Called "majestic," "compelling," and "mesmerizing," debut novelist Amanda Coplin's The Orchardist * * fully lives up to the hype.

Set in early-20th-century Washington State, it follows a makeshift family through two tragic decades. William Talmadge toils alone in his orchard at the foothills of the Cascade Mountains when two starving, heavily pregnant teenage girls, Jane and Della, turn up on his land, and into his care. Their pursuer is an opium addict, and the ensuring violence leaves only Della and Jane's baby, Angelene, to be nurtured by Talmadge and his close friend Caroline Middey, an herbalist. Tragedy strikes again when Angelene is 13, setting in motion a disastrous chain of events that engulfs Talmadge and everyone he cares for.

"Coplin refuses to sentimentalize. Instead, she demonstrates that courage and compassion can transform unremarkable lives and redeem damaged souls. In the end, three graves side by side, yet this eloquent, moving novel concludes on a note of affirmation."

"A breathtaking work from a genuinely accomplished writer."

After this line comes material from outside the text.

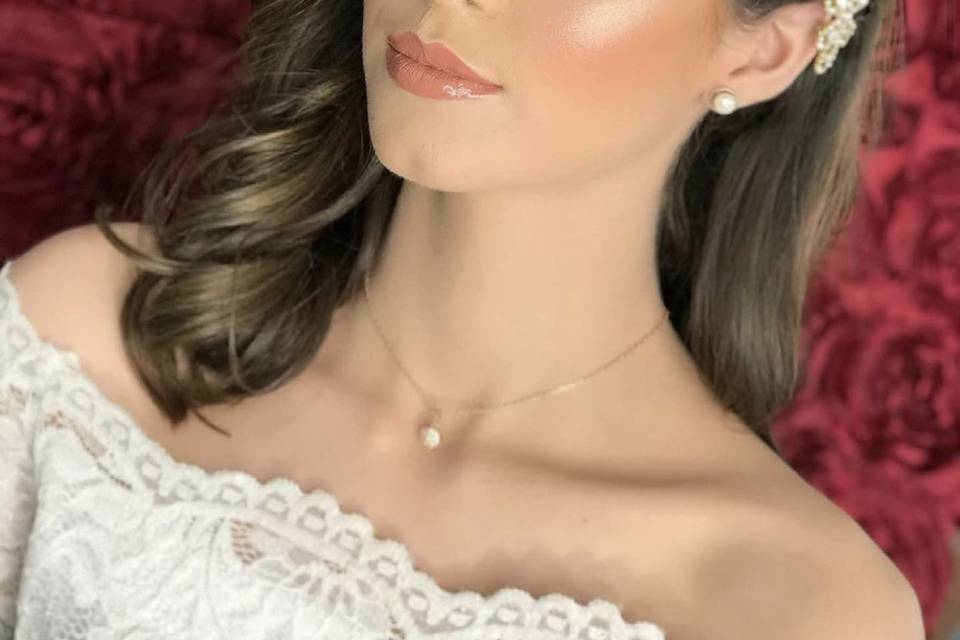 MAKEUP AND HAIRSTYLE FOR BRIDE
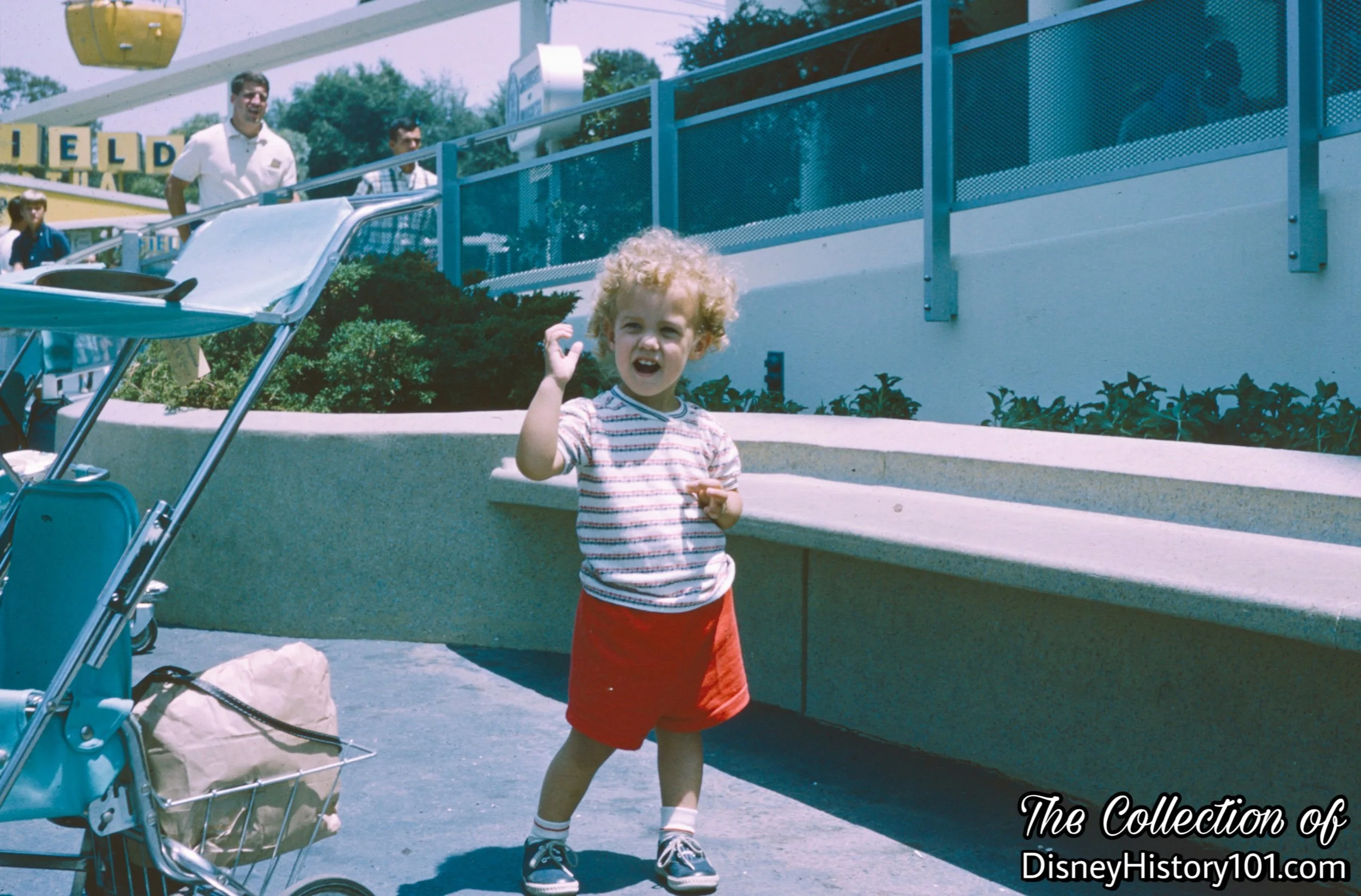 A young Guest near the Carousel of Progress Benches.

"Coplin's depictions of uniquely Western personalities and a stark, gorgeously realized landscape" bring to mind Kent Haruf's Plainsong, and The Outlander by Gil Adamson.

Readers might also try the Winner of the 2010 Governor General's Award (and a US debut) , Juliet in August (originally published as Cool Water) by Dianne Warren, set in a tiny Canadian town in Saskatchewan, a blink-and-you-miss-it dusty oasis on the edge of the Little Snake sand hills.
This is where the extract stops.